Tuesday, August 26, 2014

New concerns over Iceland volcano

The magma from Iceland's Bardarbunga volcano could be moving towards another large volcanic system.

Data recorded by a team from the University of Cambridge suggests that 50 million cubic metres of molten rock has moved in the last 24 hours.

If it continues on a northern trajectory it could feed into the Askja volcanic system, potentially triggering a large eruption.

Prof Bob White said: 'It's headed straight for it.'

But he cautioned that volcanoes were hard to predict.

'It's moving at about 4km a day towards Askja, and if it keeps going it will get there in a few days,' he told BBC News.

'We know there is a lot of molten rock sitting under the ground beneath Askja, which is a major volcanic system. If this molten rock hits that, we know it is likely to trigger it to erupt.

'But who knows, it may just stop. It is still at 5km-depth, and it is possible it could freeze there and not a lot more will happen. That is perfectly plausible.'

The Cambridge seismology group has been monitoring volcanoes in the area since 2006 with more than 70 seismometers.

'Start Quote

It is a huge amount of magma, creating an enormous subterranean channel of molten rock'

End Quote Prof Simon Redfern University of Cambridge

Over the last 10 days, they have detected large numbers of earthquakes, which have been moving north over a distance of about 40km. They are caused as magma flows beneath the ground, cracking the rocks as it moves.

On Tuesday morning the Bardarbunga volcano was hit by a magnitude 5.7 earthquake, the largest since tremors began in the area last week.

The team estimates that about 350 million cubic metres of magma have moved in this period, which is about twice the amount of molten rock that was blasted into the air during Iceland's Eyjafjallajokull eruption in 2010.

Prof Simon Redfern, an earth scientist from the University of Cambridge, said: 'It is a huge amount of magma, creating an enormous subterranean channel of molten rock.'

He said that the dyke - the underground 'plumbing system' that carries the molten rock - could join up with other underground fissures, creating a large network of magma.

Prof White added that several scenarios were possible.

'One is that it erupts under the glacier,' he said.

'That is bad news because this kind of eruption can drive the big ash clouds that can go up 35,000-40,000ft, and that is what happened in 2010 with Eyjafjallajokull.'

However that scenario is looking less likely because the magma is moving beyond the thick ice of the glacier into shallower terrain beyond.

If it erupts in this region, with less ice-cover, it could create 'fire-fountains' - spectacular plumes of lava, which can be dangerous, but carry less ash.
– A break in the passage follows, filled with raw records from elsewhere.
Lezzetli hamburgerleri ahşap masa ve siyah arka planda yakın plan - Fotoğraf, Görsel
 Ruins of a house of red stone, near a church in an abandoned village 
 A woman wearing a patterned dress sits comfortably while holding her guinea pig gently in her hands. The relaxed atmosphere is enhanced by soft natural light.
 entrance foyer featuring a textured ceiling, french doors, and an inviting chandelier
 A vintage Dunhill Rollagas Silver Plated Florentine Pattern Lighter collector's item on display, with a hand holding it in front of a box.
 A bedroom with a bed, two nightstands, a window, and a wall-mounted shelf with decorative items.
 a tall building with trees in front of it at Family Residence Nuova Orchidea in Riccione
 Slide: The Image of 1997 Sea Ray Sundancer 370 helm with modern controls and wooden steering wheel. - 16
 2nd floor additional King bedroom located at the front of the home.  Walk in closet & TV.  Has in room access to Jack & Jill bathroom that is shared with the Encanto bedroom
Prof White said: 'The third scenario is that it keeps going north, it keeps feeding molten rock and it hits the Askja system and triggers that - then goodness knows what will happen. It could make a lot of disruptive ash all over Iceland.'

The last time that the Askja volcano had a major eruption was in 1875. The ash-fall caused crops to fail and killed livestock, triggering a wave of migration away from the north east of Iceland.

'Curtain of fire'

Commenting on the team's findings Prof David Rothery, from the Open University, said that while the magma could head for Askja, it may also change its route.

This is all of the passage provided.